Guia de Leitura

OuLiPo

1 abril, 2016 | Por Isabela Gaglianone

Marcel Bénabou e Jacques Roubaud, no artigo “Qu´est-ce que l´OuLiPo?” [O que é o OuLiPo?], explicam-no como “a literatura em quantidade ilimitada, potencialmente produzível até o fim dos tempos, em grande quantidade, infinitas para todos os usos”. Sobre o autor que se dedica a esta prática, dizem que é “um rato que constrói si mesmo um labirinto do qual se propõe a sair”.

O OuLiPo é um grupo de escritores, fundado na França, em 1960. Seu nome é o acrônimo de “Ouvroir de littérature potentielle”, ateliê de literatura potencial. Não se trata de um movimento literário. Tampouco trata-se de um seminário científico. Também não se trata de literatura aleatória.

O que caracteriza a literatura potencial é o estabelecimento de regras formais. Anagramas, palíndromos, restrições literárias baseadas em formas fixas, como haicais, sextinas, rondós. O grupo nasceu da obsessão, de Raymond Queneau e François Le Lionnais, por aplicar, à literatura, princípios matemáticos.

Em 1969, Georges Perec, dois anos após entrar para o grupo, publicou o primeiro romance da literatura potencial, O sumiço, que acaba de ter tradução publicada no Brasil. Selecionamos, impulsionados por esta grande realização editorial, mais alguns livros de escritores da OuLiPo.

Jacques Roubaud, “Algo: preto”

 

Os poemas reunidos em Algo: Preto, de Jacques Roubaud formam a mais importante obra poética de um dos mais notáveis autores da produção literária contemporânea.

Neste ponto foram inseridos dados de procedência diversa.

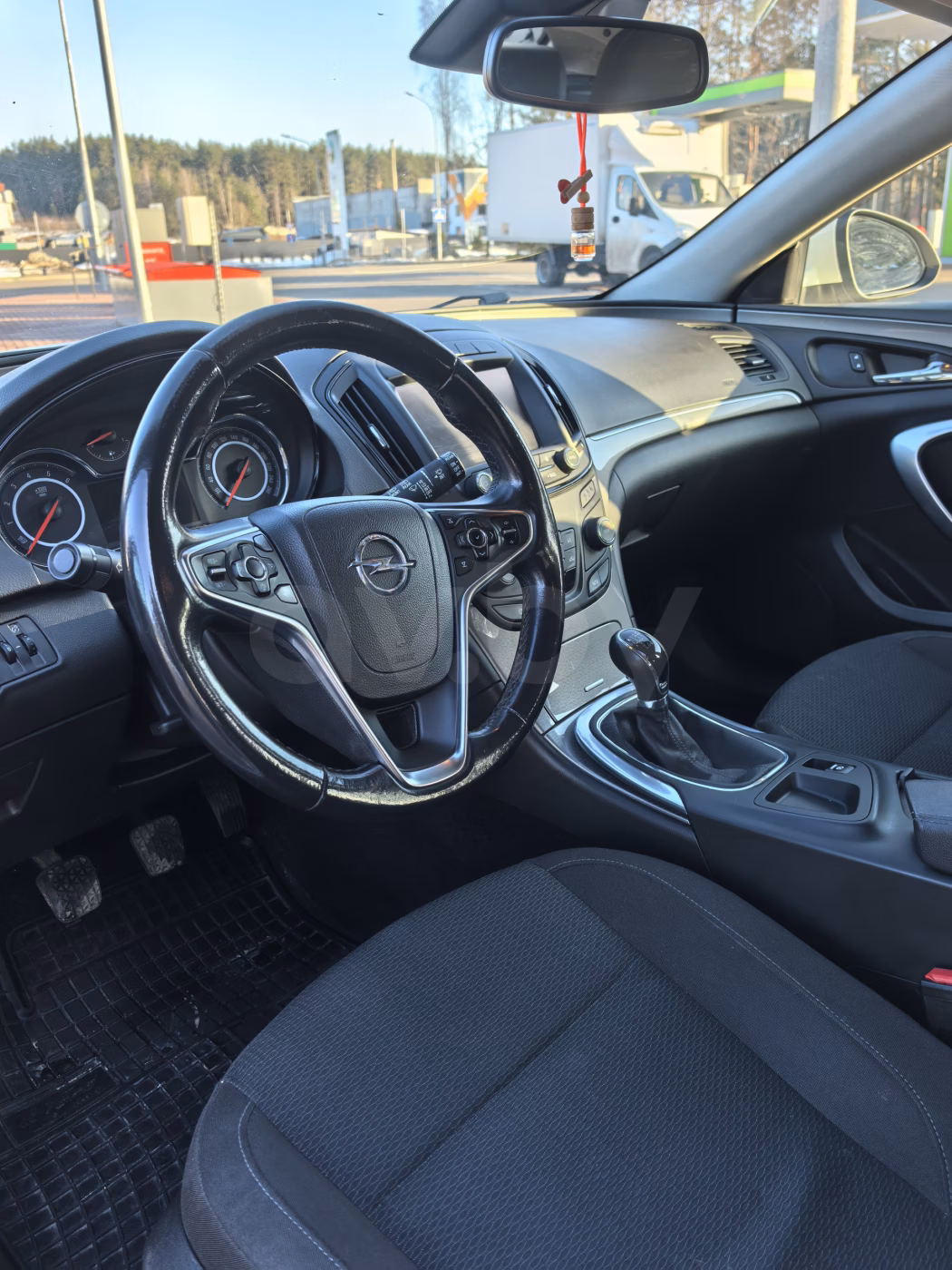 Opel Insignia фото 9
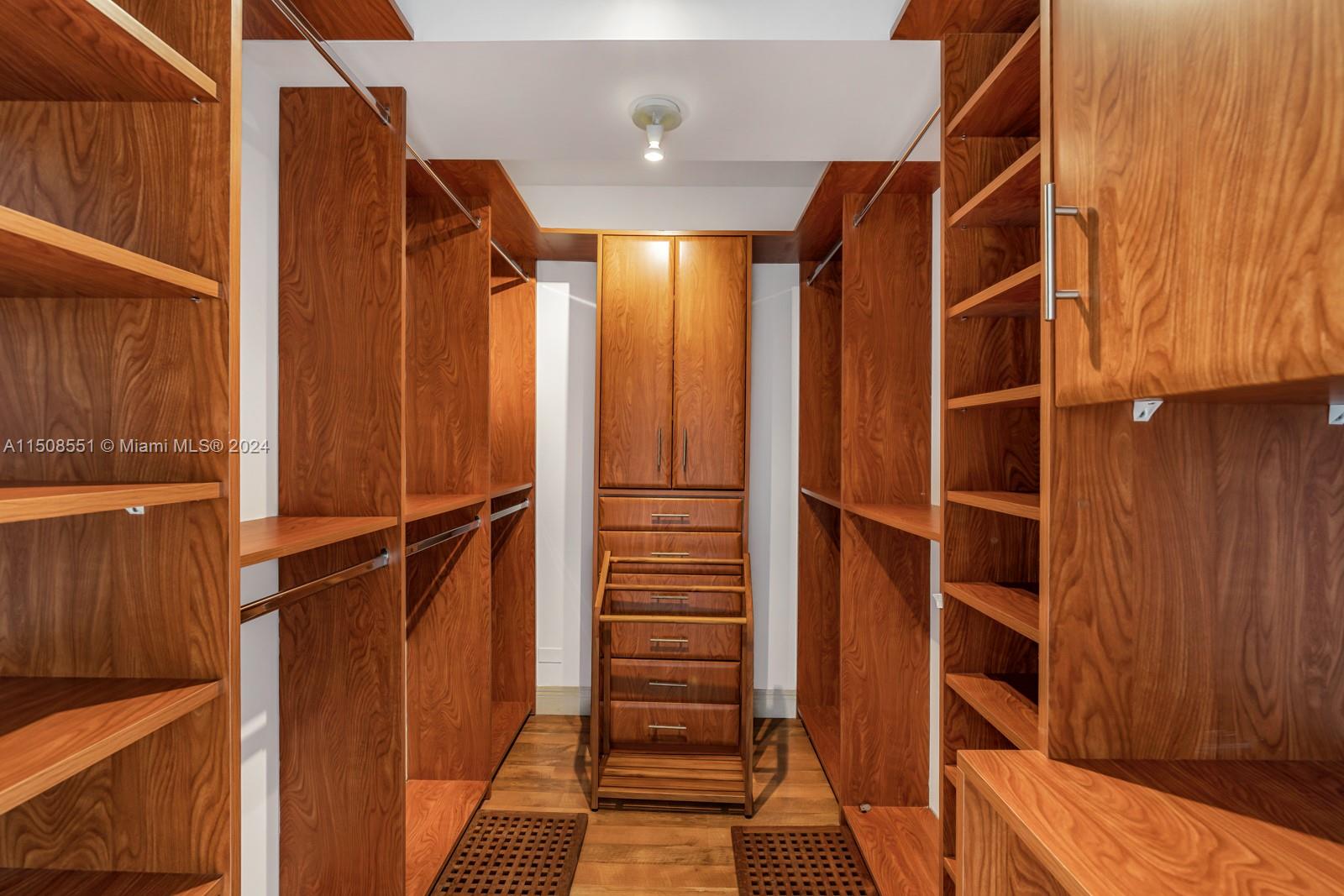 1265 N Biscayne Point Rd, Miami Beach, Florida 33141, 5 Bedrooms Bedrooms, ,3 BathroomsBathrooms,Residentiallease,For Rent,1265 N Biscayne Point Rd,A11508551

Poeta e matemático, Roubaud trata ao longo destes versos do vácuo, da solidão, da perda daquele que sofre, na vida, a morte. Sua escrita incorpora de forma embrionária a complexidade da experiência da modernidade, ou da pós-modernidade: o mundo contemporâneo vem progressivamente abolindo o padrão das medidas, do comedimento ou da moderação ao tempo, e, ciente disso, Roubaud busca o poético justamente nesse abismo de indeterminação do moderno. Ele assim leva sua escrita às fronteiras da poesia com: a matemática, a narrativa aventuresca, o ensaio, o romance policial, a novela, a fotonovela, o jogo, o passeio, o labirinto, o teatro, a autobiografia, os quadrinhos.

Com Quelque chose noir, publicado originalmente em 1986, Roubaud atingiu seu ápice poético, até agora. Por suas admiráveis capacidades crítica e inventiva, e pela intensidade com que enfrenta a experiência da morte.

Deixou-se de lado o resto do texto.